I reached the light where I needed to make a last left onto my road out. A sign up at the light firmly proclaimed, NO LEFT TURN. No left turn? I couldn’t turn right, it was one-way. I had to turn left, or cross the bridge over the Susquehanna and beyond. I’d probably never find my way back. Wander forever, lost in the savage wilderness. Traffic was sparse. So just before the light turned red, I swung Big Blue to the left and stepped on it. Breathed freely. I was on my way out of the wicked city.

It was a trap. And just like that, he was on my heels, like a baying Blue Tick hound. Lights flashing, siren yawping. A cop. He’d been waiting. And he had me. Boy, did he ever have me.

I remained amazingly calm, as I stopped, right on the busy highway. No shoulder. As the cop emerged from his flashing chariot, I reminded myself of my own advice to my readers a few weeks back. He walked up to Big Blue’s window. Medium height. Fit, a bit stocky. Gray-haired, hatless, peering at me sternly.

“Your license. Proof of Insurance. Registration.” He said curtly. I said nothing. Fumbled for my driver’s license and handed it to him. Reached into the glove compartment for the Insurance and Registration. Unfortunately, in the past 18 months, each time new insurance/registration papers arrived, I just piled them all together in the envelope without removing the old ones. I had a serious jumbled mess.

I handed him the Proof of Insurance. “What else do you need?” I asked. And those were my only words. For a second, I thought about explaining to him that I wasn’t familiar with the city. That I had chosen to turn left instead of crossing the river, because I didn’t know the area. That I was forty-seven years old and had never ever gotten a ticket of any kind for any violation, and couldn’t he just let me off? Just this once?

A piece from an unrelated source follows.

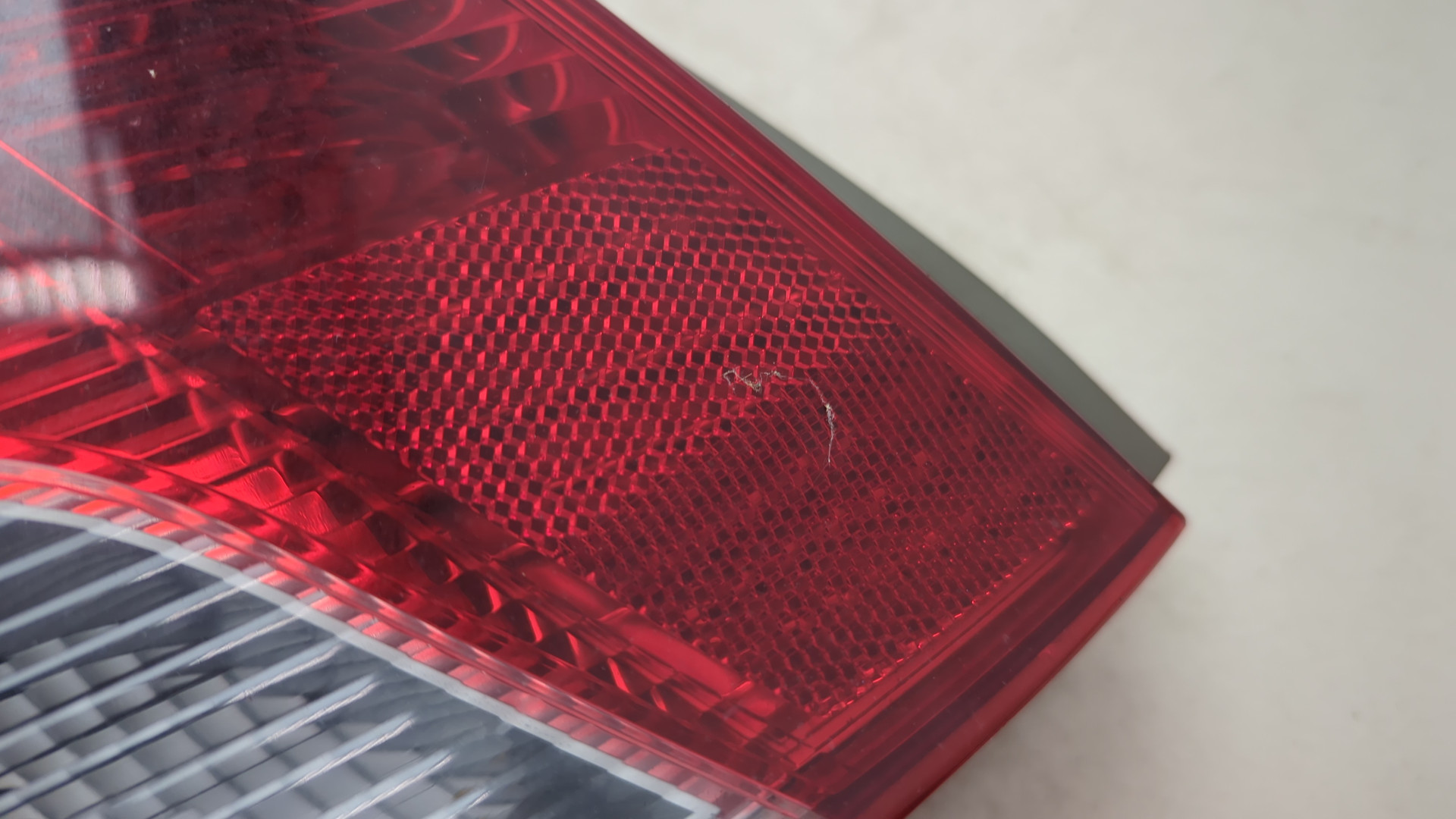 Фонарь задний левый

But nah. It wouldn’t do any good. He was out to generate revenue for the city. He had me, dead to rights. Something told me he would savor and enjoy such desperate pleas. And I darn sure wasn’t going to beg any favors from the law. So I said nothing.

He stood there and I sifted through my papers until I found the proper document. And sifted and shuffled. For at least two minutes. I said nothing. He said nothing. I finally handed over the Registration. Still said nothing.

Discomfited by my silence, he finally spoke. “I stopped you because you didn’t obey the traffic sign,” he said querulously. I said nothing. He walked back to his car. Sat there and sat there. Probably checking out the red check marks that appeared beside my name, on my computer records (and no, I’m not paranoid).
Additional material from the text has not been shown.